→ **Available data**:
━━━━━━━━
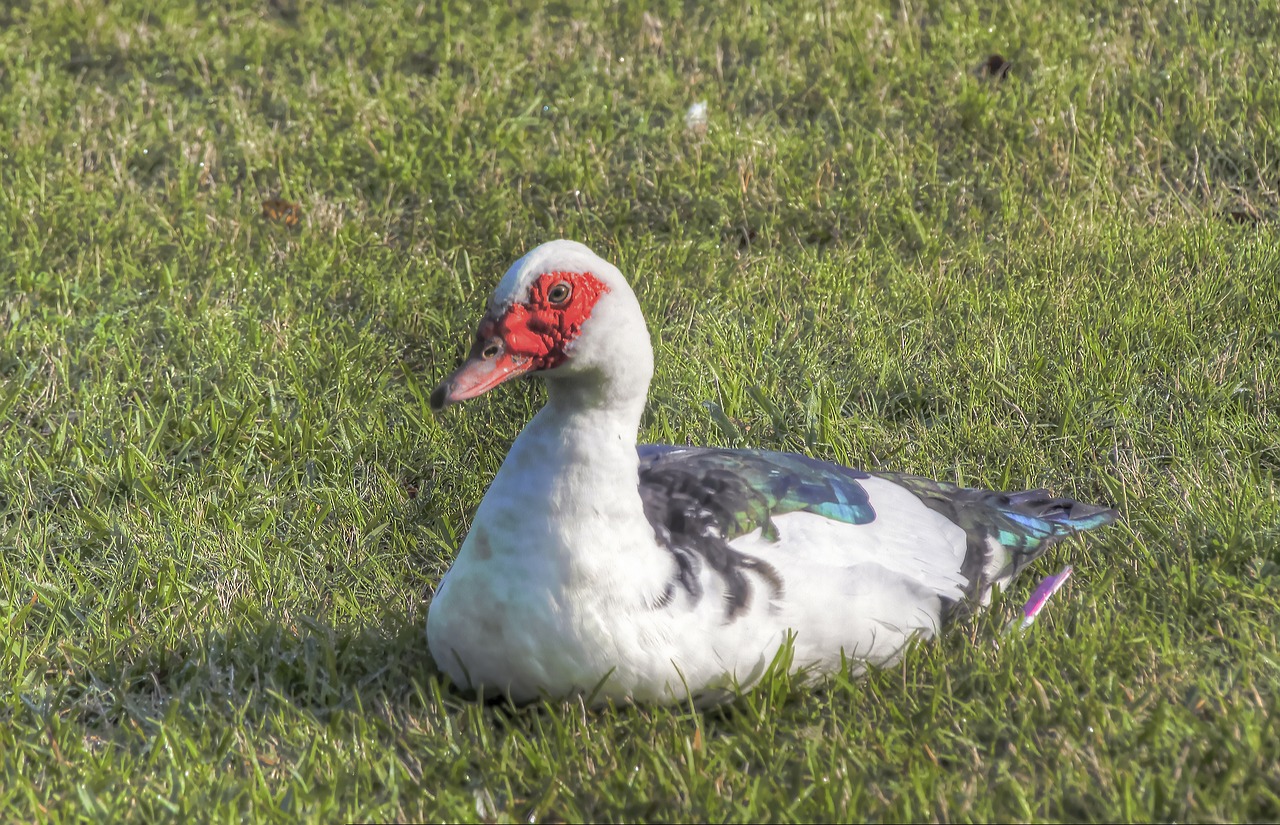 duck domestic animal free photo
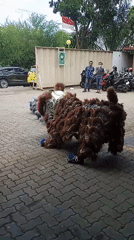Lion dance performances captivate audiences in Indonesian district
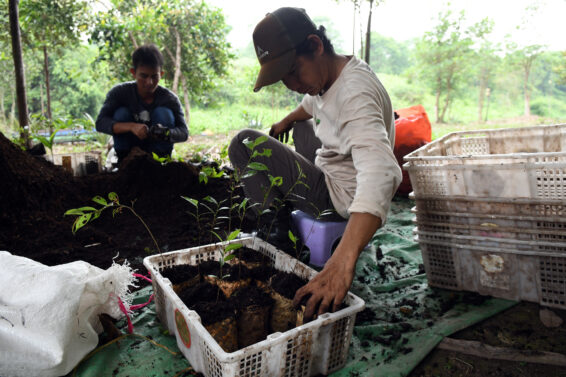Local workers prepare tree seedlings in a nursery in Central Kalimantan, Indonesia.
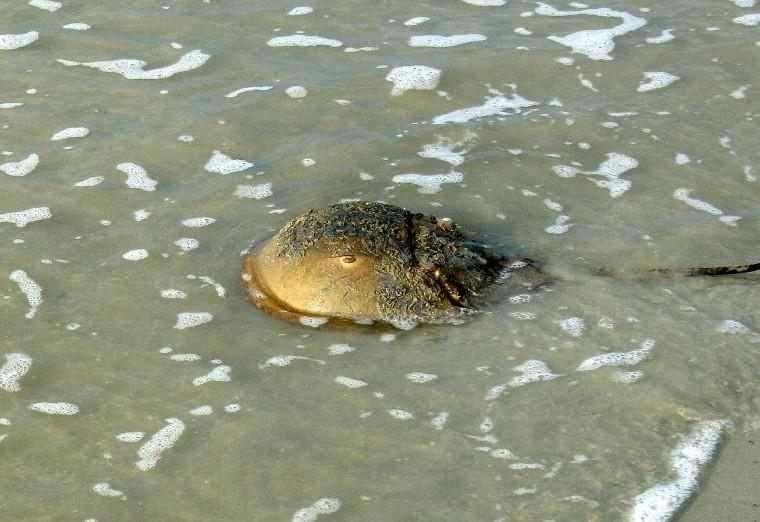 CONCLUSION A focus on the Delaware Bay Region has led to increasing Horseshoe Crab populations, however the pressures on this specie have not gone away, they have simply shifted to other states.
━━━━━━━━
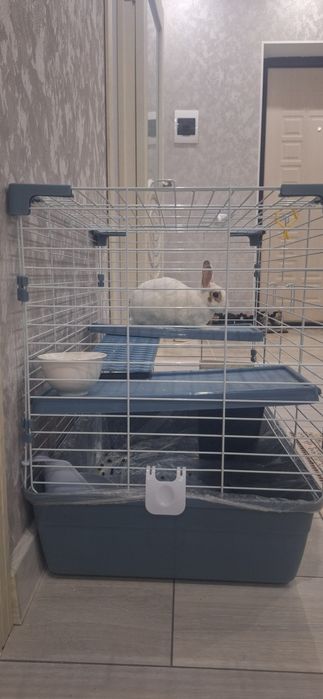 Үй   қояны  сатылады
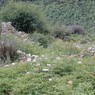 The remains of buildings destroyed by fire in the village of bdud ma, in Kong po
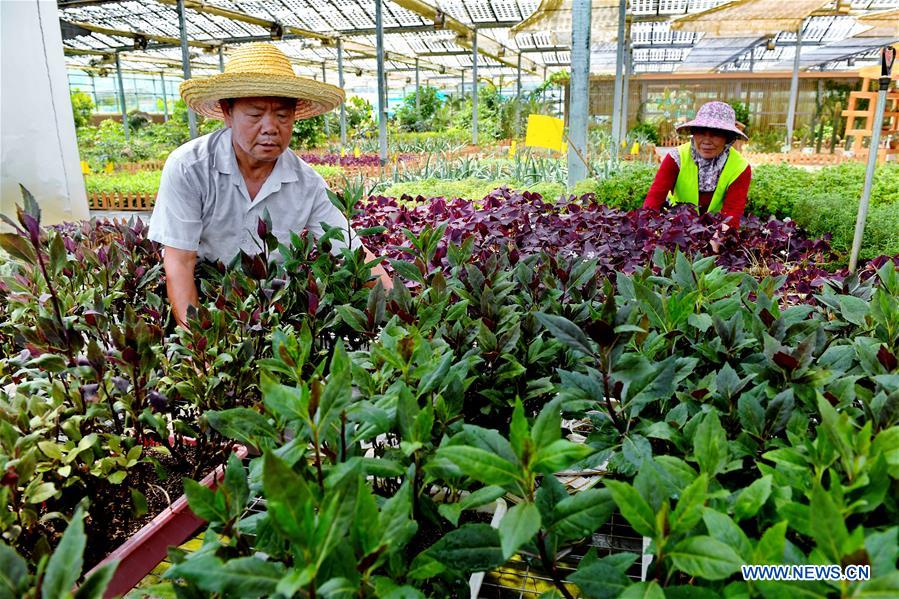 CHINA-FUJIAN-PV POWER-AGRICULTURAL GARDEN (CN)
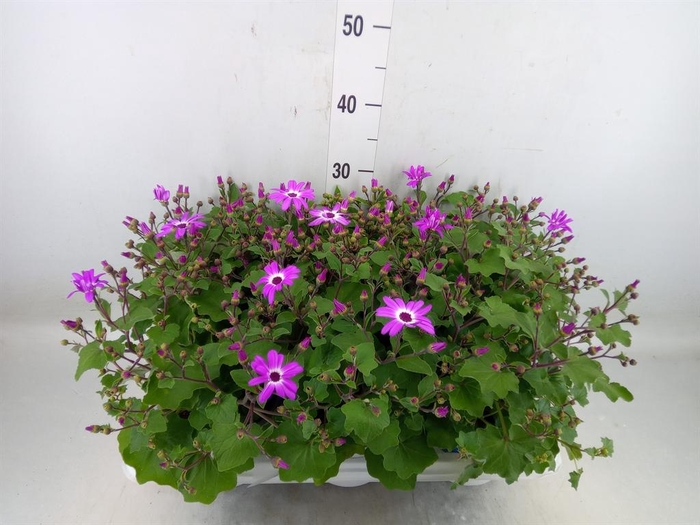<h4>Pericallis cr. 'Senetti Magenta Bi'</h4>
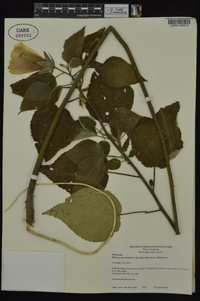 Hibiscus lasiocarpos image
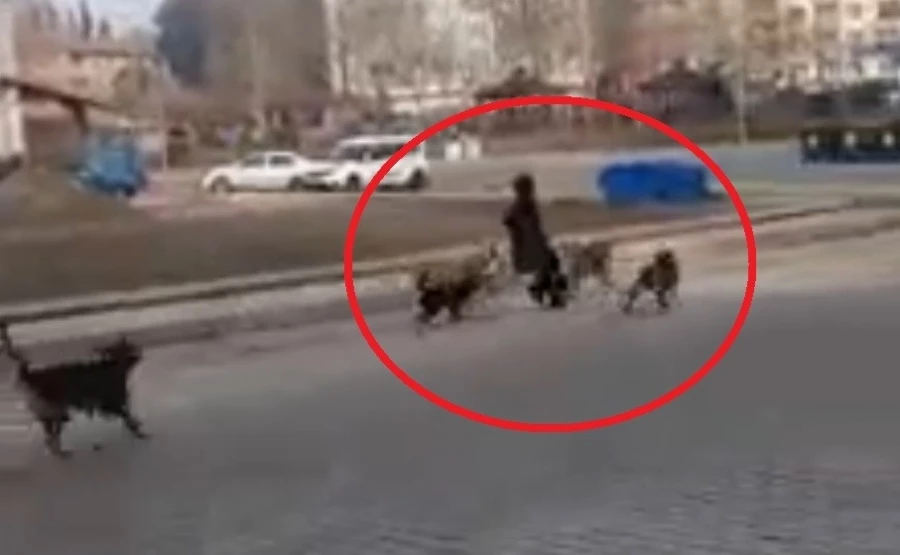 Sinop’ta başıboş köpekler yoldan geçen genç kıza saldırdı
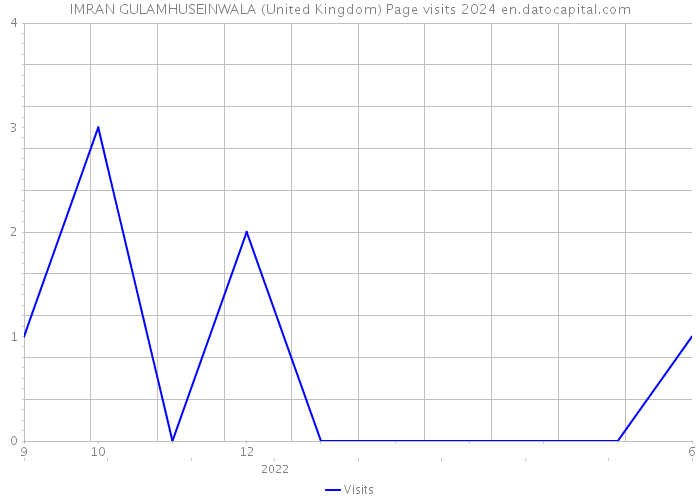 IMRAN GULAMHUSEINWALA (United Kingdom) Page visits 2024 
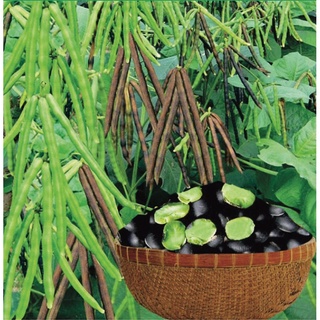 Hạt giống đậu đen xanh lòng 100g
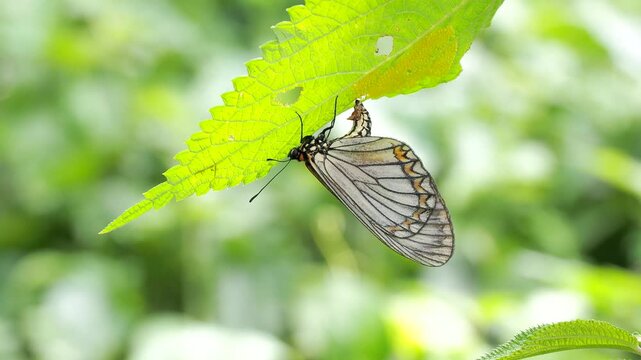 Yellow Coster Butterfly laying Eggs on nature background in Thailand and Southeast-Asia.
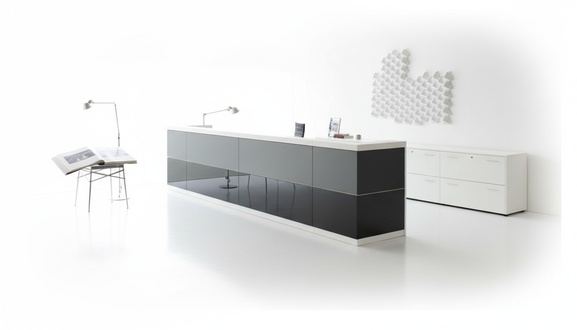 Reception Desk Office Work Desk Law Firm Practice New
━━━━━━━━
→ **Problem to work on**: Please return the material above only from the line that holds "<h4>Pericallis cr. 'Senetti Magenta Bi'</h4>" through the line that holds "Reception Desk Office", exactly as it stands, ends included and pictures omitted.

→ **Result of the exercise**:
<h4>Pericallis cr. 'Senetti Magenta Bi'</h4>
 Hibiscus lasiocarpos image
 Sinop’ta başıboş köpekler yoldan geçen genç kıza saldırdı
 IMRAN GULAMHUSEINWALA (United Kingdom) Page visits 2024 
 Hạt giống đậu đen xanh lòng 100g
 Yellow Coster Butterfly laying Eggs on nature background in Thailand and Southeast-Asia.
 Reception Desk Office Work Desk Law Firm Practice New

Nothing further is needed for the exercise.